EXTRACTED MATERIAL:
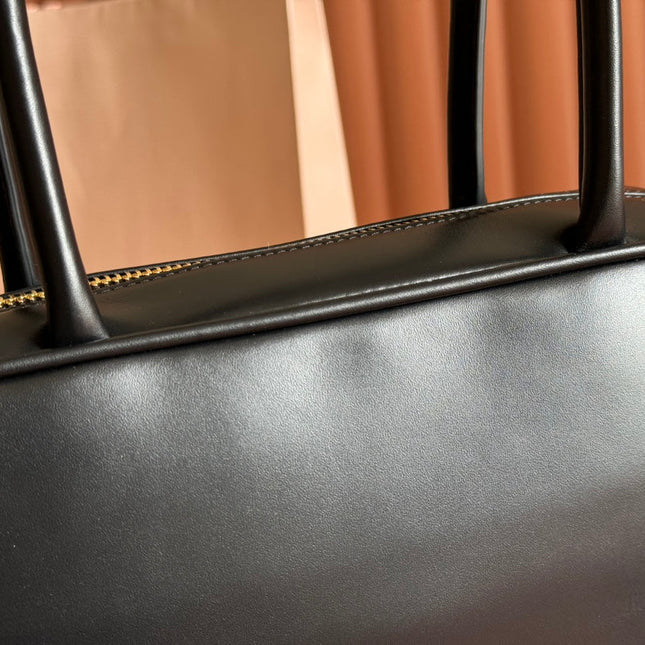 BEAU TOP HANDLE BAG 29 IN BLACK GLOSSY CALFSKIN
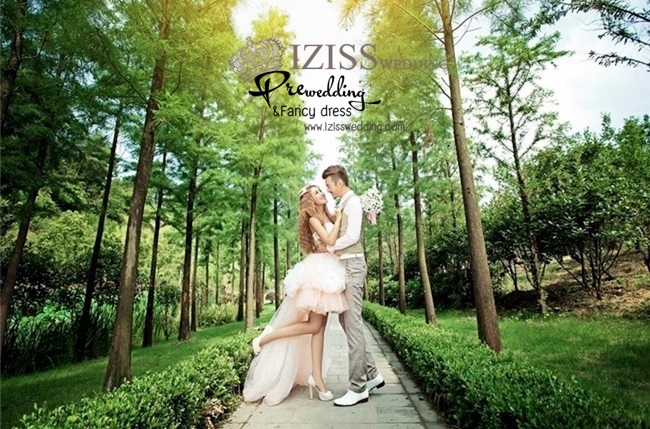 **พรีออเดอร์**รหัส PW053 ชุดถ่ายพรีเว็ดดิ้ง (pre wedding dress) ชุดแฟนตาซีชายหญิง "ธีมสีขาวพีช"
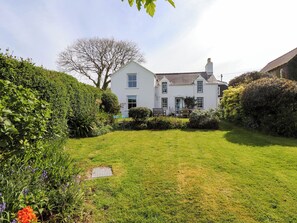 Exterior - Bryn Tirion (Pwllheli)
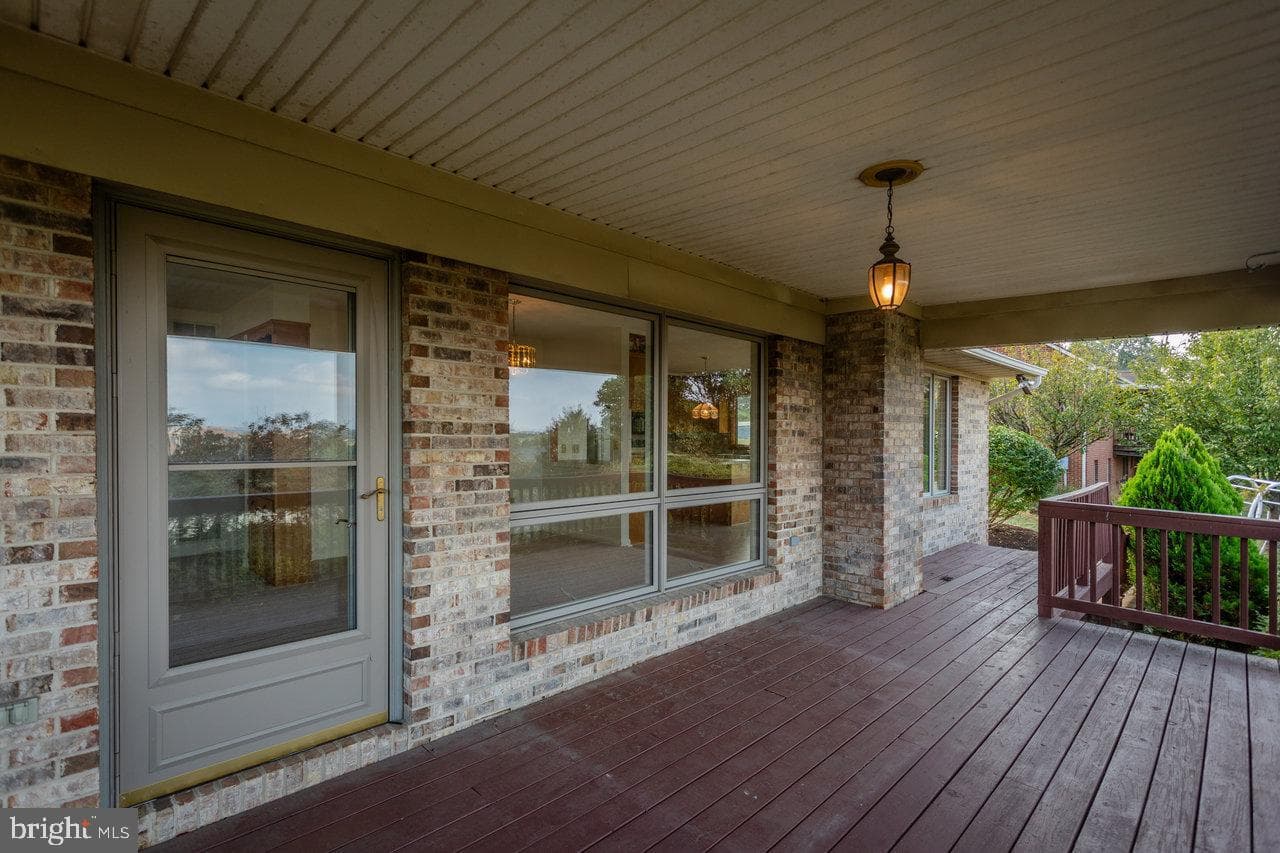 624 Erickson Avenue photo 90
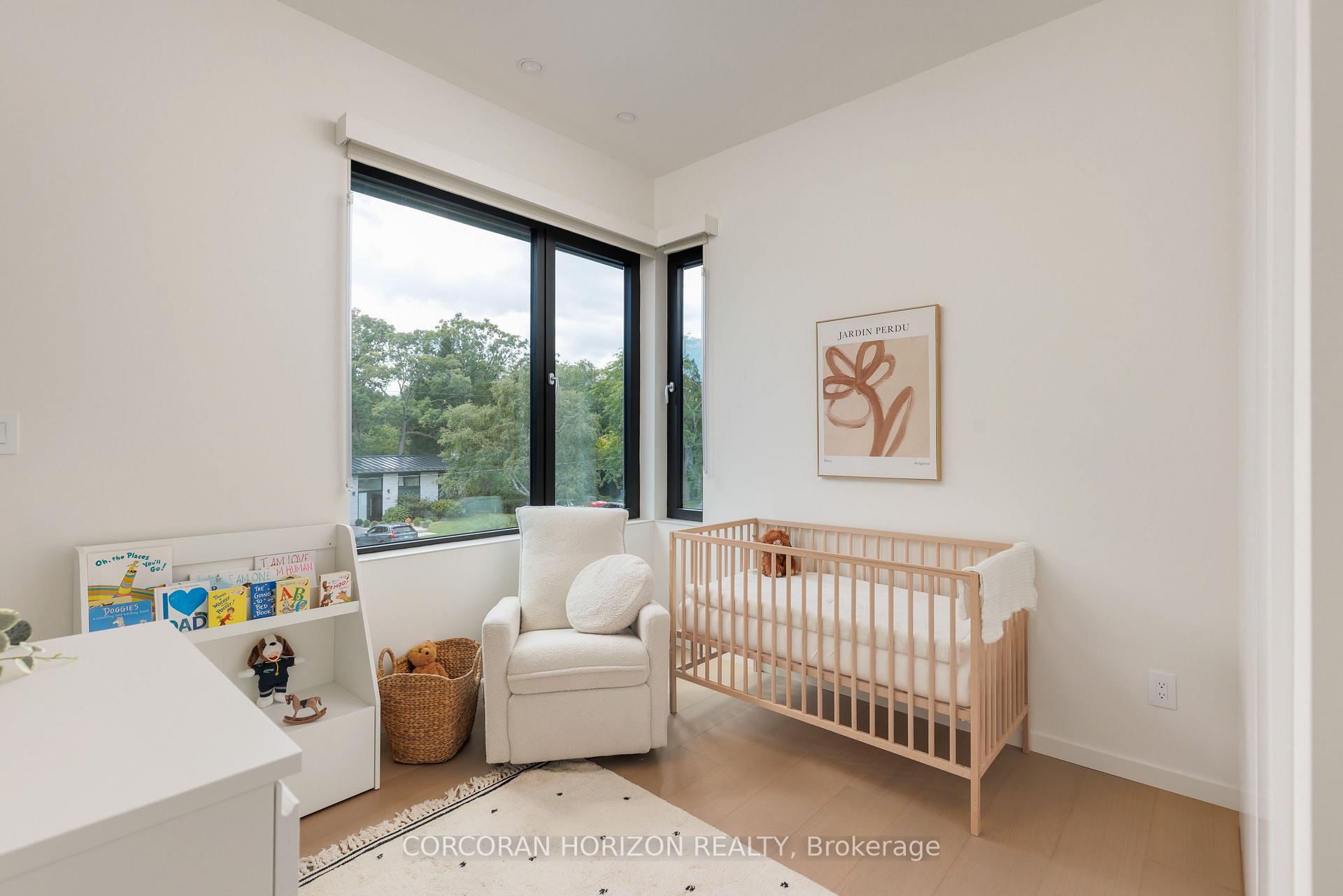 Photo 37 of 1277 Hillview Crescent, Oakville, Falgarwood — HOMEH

TASK REQUIREMENTS: Write out, exactly and only, the lines from the one containing "Exterior - Bryn Tirion (Pwllheli)" through the last line of the material above. Pictures do not go in the copy.

RESPONSE:
 Exterior - Bryn Tirion (Pwllheli)
 624 Erickson Avenue photo 90
 Photo 37 of 1277 Hillview Crescent, Oakville, Falgarwood — HOMEH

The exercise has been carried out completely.